I'm going to have to shrink, print, and laminate these lists just so I can make sure not to do business with any of them. I swear these lists get bigger everyday. :sad:


----------



## freakshow

The unfortunate thing is that no matter what lists are made there are other names that should be on there. There are names on the list (such as Time Warner Cable and MBNA/Mastercard credit cards) that I use even though there are on the List. 

The MBNA Mastercard I have in my wallet has 4.9% fixed. My last one was 19.8. I try and keep the balance to a minimum so the limited fincance charges are all they get from me. The TWC is the only cable provider in my area. When I move to MI in a month or so, I will be forced to go to dial up until they run DSL service. 

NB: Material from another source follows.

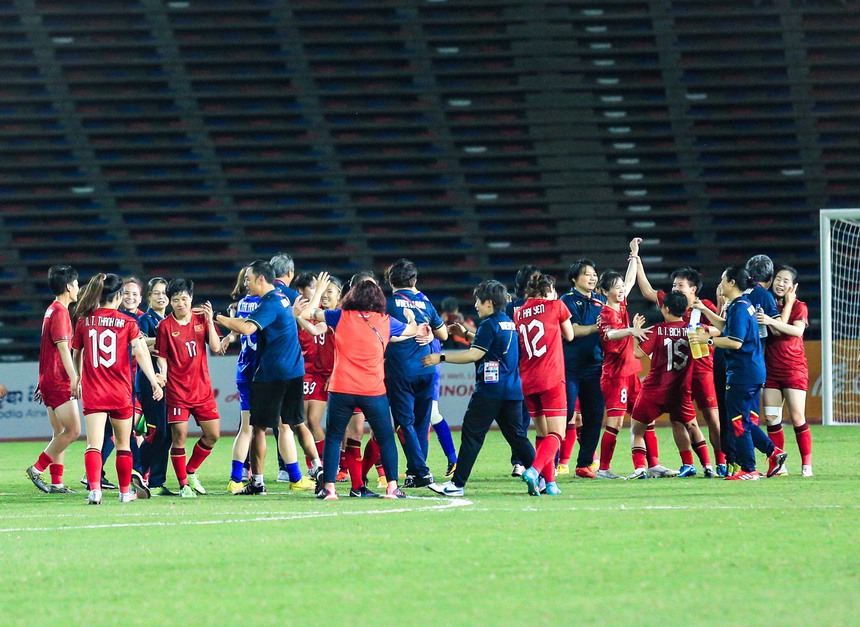 ĐT nữ Việt Nam ăn mừng cuồng nhiệt khi tạo nên kỉ lục 'vô tiền khoáng hậu' tại SEA Games 32 - Ảnh 3. ĐT nữ Việt Nam ăn mừng cuồng nhiệt khi tạo nên kỉ lục 'vô tiền khoáng hậu' tại SEA Games 32 - Ảnh 3.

These are conscience choices that I have made and to combat these, I give even more money to the progun/hunting causes like conservation groups and the NRA. I can see it being possible to 100% avoid the companies, but every little bit helps.

There are a lot of companies that I will outright avoid unless absolutely necessary. There are a lot of movies I won't watch because they have anti-gun/hunting actors and/or actresses in them. I try and do my best, but sometimes I find myself having a different agenda than the companies and bite the bullet.


----------



## Northforker

freakshow said:


> The unfortunate thing is that no matter what lists are made there are other names that should be on there. There are names on the list (such as Time Warner Cable and MBNA/Mastercard credit cards) that I use even though there are on the List.
> 
> The MBNA Mastercard I have in my wallet has 4.9% fixed. My last one was 19.8. I try and keep the balance to a minimum so the limited fincance charges are all they get from me. The TWC is the only cable provider in my area. When I move to MI in a month or so, I will be forced to go to dial up until they run DSL service.
> 
> These are conscience choices that I have made and to combat these, I give even more money to the progun/hunting causes like conservation groups and the NRA. I can see it being possible to 100% avoid the companies, but every little bit helps.
> 
> There are a lot of companies that I will outright avoid unless absolutely necessary. There are a lot of movies I won't watch because they have anti-gun/hunting actors and/or actresses in them. I try and do my best, but sometimes I find myself having a different agenda than the companies and bite the bullet.


Freakshow,

When you get ready to buy that dial up service, go to 

www.outdoorsunlimited.net

They donate $1.00 per month of your bill to the NRA or other pro hunting/gun organization of your choice. It's $19.99/month and I can't really complain about their service. I would like a better E-Mail program but it works.


----------



## freakshow

I was thinking of them. However, $20 a month seems pricey for just dial up.
With DSL running the same price I would prolly opt for DSL. I am going to move in with my GF's parents while I finish school in MI, so I will be limited to their dial up ISP, which is just a local one.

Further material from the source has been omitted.